Класс латифундистов был достаточно сплоченным, хотя между отдельными асендадо и возникали противоречия. После освободительных революций крупные помещики могли стать государственными чиновниками, судьями, военными или депутатами, но они оставались едины как землевладельцы, и в качестве лидера той или иной региональной помещичьей группировки выступал пользовавшийся ее доверием каудильо. Обычно он сам был асендадо, однако не все его собратья по классу стремились превратиться в военных «вождей», предпочитая, чтобы от их имени выступал угодный им «сильный человек». Каудильо, в свою очередь, нуждался в поддержке латифундистов, которые располагали мощными экономическими ресурсами и могли вооружить и передать под его начало собственных пеонов или гаучо.
Народные массы были более разобщены, чем асендадо, поскольку в Иберо-Америке сосуществовали различные категории подневольного населения — пеоны и наемные работники, мелкие собственники и арендаторы, гаучо и льянеро, бродяги и рабы. Их подчиненное положение, бедность и в ряде случаев территориальная изолированность препятствовали формированию каких-либо объединений «снизу», зато все они могли быть легко мобилизованы в «армию» каудильо, что произошло в период Войны за независимость и продолжилось после ее окончания.
Чтобы стать настоящим каудильо и повести за собой не только ближайших сподвижников, но и широкие массы, требовались определенные таланты, при отсутствии которых даже самый амбициозный претендент на власть не мог рассчитывать на успех. Человек, стремившийся возвыситься над другими, должен был обладать харизмой, что в переводе с греческого языка означает «божественный дар». Во все времена харизматические лидеры выделялись среди «толпы» необычными способностями, не столько приобретенными, сколько дарованными природой. Макс Вебер включал в понятие «харизма» такие редкие свойства человеческой натуры, как магические способности, пророческий дар, выдающуюся силу духа и слова. Он считал, что харизмой обладали герои, великие полководцы и завоеватели (Александр Македонский, Цезарь, Наполеон), пророки и основатели мировых религий (Будда, Иисус, Мухаммед), гениальные художники, выдающиеся политики, основатели государств (Солон, Ликург).
Каждый каудильо, помимо военной силы, имел определенную «клиентуру», то есть круг людей, которым он оказывал покровительство, а если они были бедны — то и материальную поддержку, превращая их тем самым в своих сторонников. Это распространялось не только на пеонов или гаучо, но и на самостоятельных мелких собственников и даже латифундистов, если они доверяли каудильо защиту личных или клановых интересов. В случае успеха очередной военной кампании «вождя» и утверждения его власти в провинции или штате, а порой и в государстве, стоявшие за ним асендадо получали собственность, деньги, доходные должности и прочее вознаграждение — в зависимости от новых возможностей победителя и заслуг перед ним того или иного «клиента».

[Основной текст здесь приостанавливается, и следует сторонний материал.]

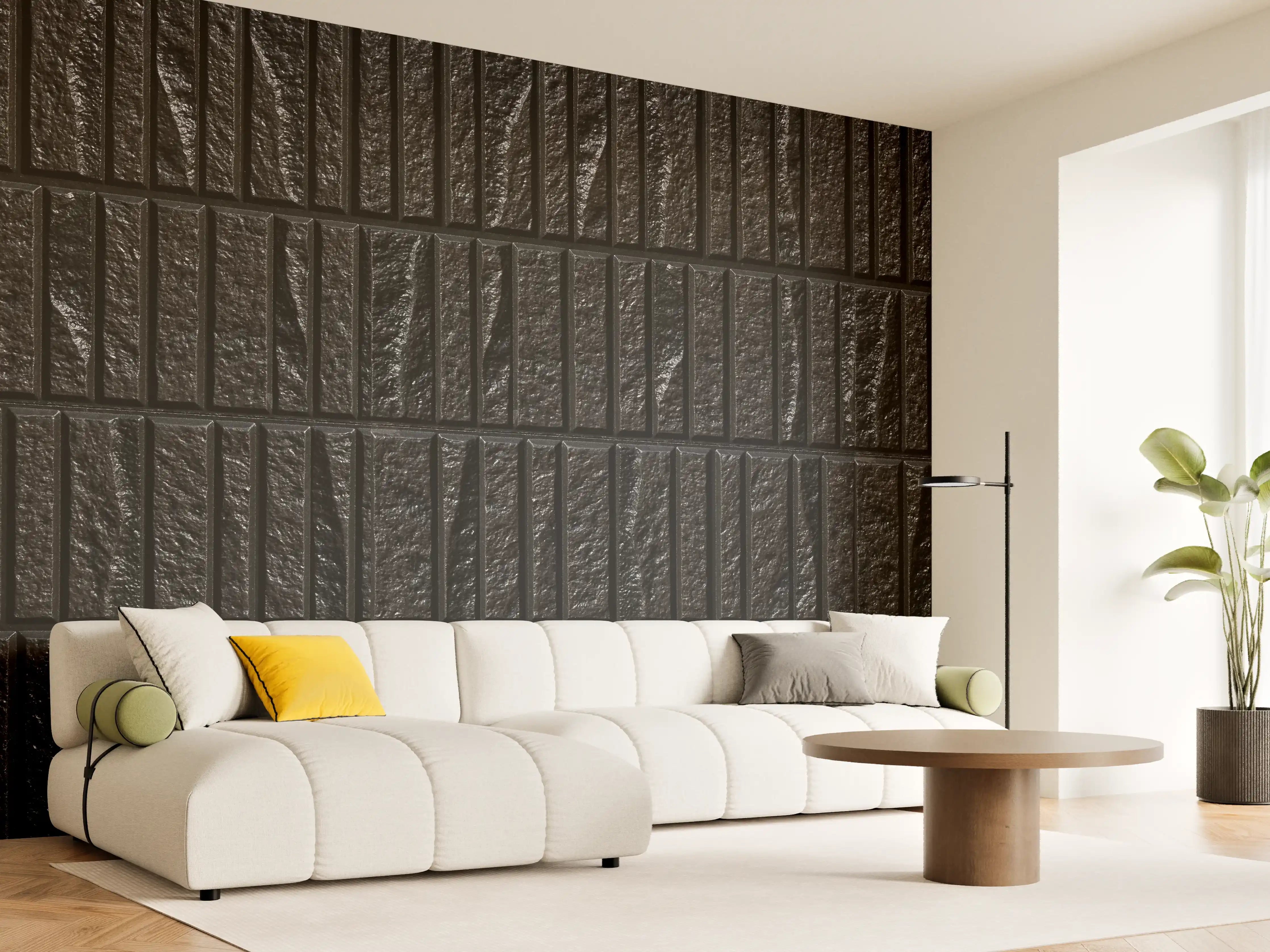 Wandverkleidung Wohnzimmer - Panorama der modernen schwarzen Steinfliese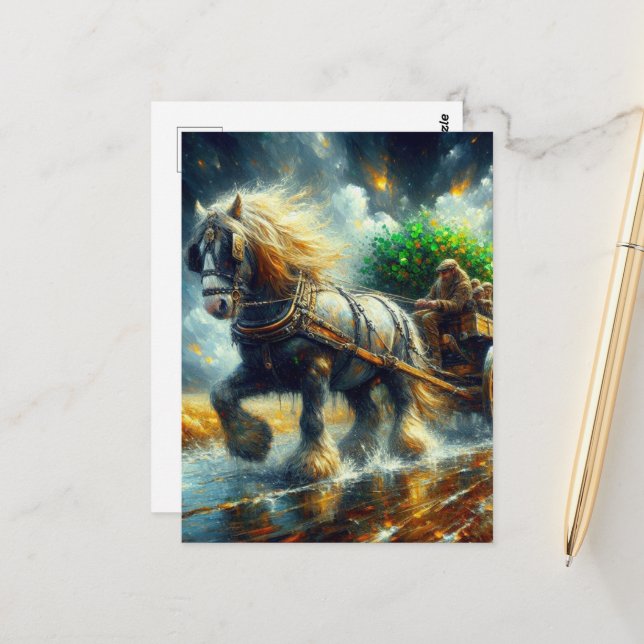 Gypsy Vanner Pulling Shamrocks and People Cartload Postcard (Front/Back In Situ)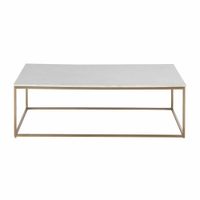 mesa de centro de marmol blanco y metal latonado de 110 cm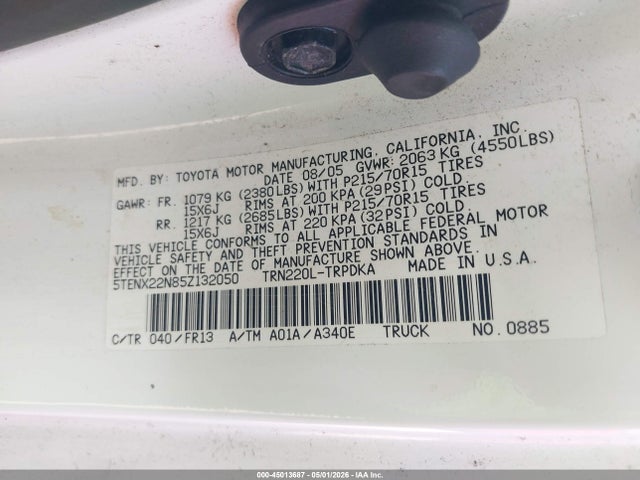 45013687 :رقم المزاد ، 5TENX22N85Z132050 vin ، 2005 Toyota Tacoma مزاد بيع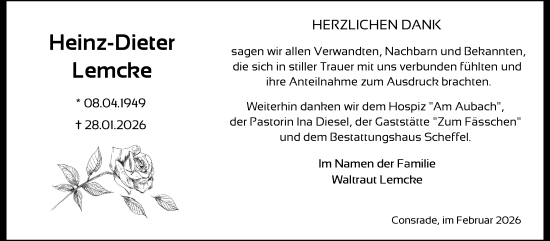 Traueranzeige von Heinz-Dieter Lemcke von Zeitung für die Landeshauptstadt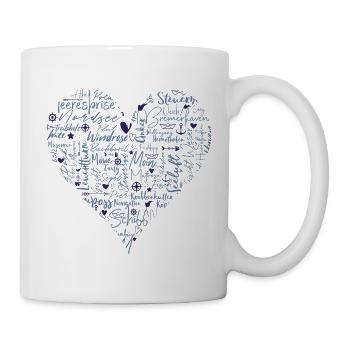Maritimes Herz, blau - Tasse - Weiß - Rechts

Некоторые крупные землевладельцы старались открыто не вмешиваться в политику и лично не участвовали в принятии решений, но их волновали проблемы, связанные с развитием торговли, размером налогов и пошлин, обеспечением прав собственности, возможности эксплуатации рабочей силы, и они вправе были ожидать, что «доверенный каудильо» обеспечит наилучшие условия для их предпринимательской деятельности. Самой предпочтительной «платой за услуги» всегда оставалась земля, и если каудильо не удавалось изыскать возможность для ее распределения между «соратниками», его шансы сохранить свое лидерство становились весьма призрачными. Словом, «вожди» и «клиенты» нуждались друг в друге, и потому в независимых латиноамериканских государствах каудильизм стал не только «образом жизни» небольших групп людей, но и способом организации общества в целом.